→ **What to work on**
Write down exactly the lines from the one with "BMW X1 sDrive 16D xline full" to the end of the data, first and last included, and no others.

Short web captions
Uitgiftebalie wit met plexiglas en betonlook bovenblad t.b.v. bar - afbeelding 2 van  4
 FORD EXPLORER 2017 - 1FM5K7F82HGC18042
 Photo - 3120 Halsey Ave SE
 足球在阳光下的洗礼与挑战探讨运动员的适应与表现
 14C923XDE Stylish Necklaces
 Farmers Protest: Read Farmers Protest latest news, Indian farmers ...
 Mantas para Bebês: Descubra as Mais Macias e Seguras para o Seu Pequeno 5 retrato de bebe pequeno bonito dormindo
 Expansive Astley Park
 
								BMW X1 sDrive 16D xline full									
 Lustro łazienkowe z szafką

→ **Exercise response**
								BMW X1 sDrive 16D xline full									
 Lustro łazienkowe z szafką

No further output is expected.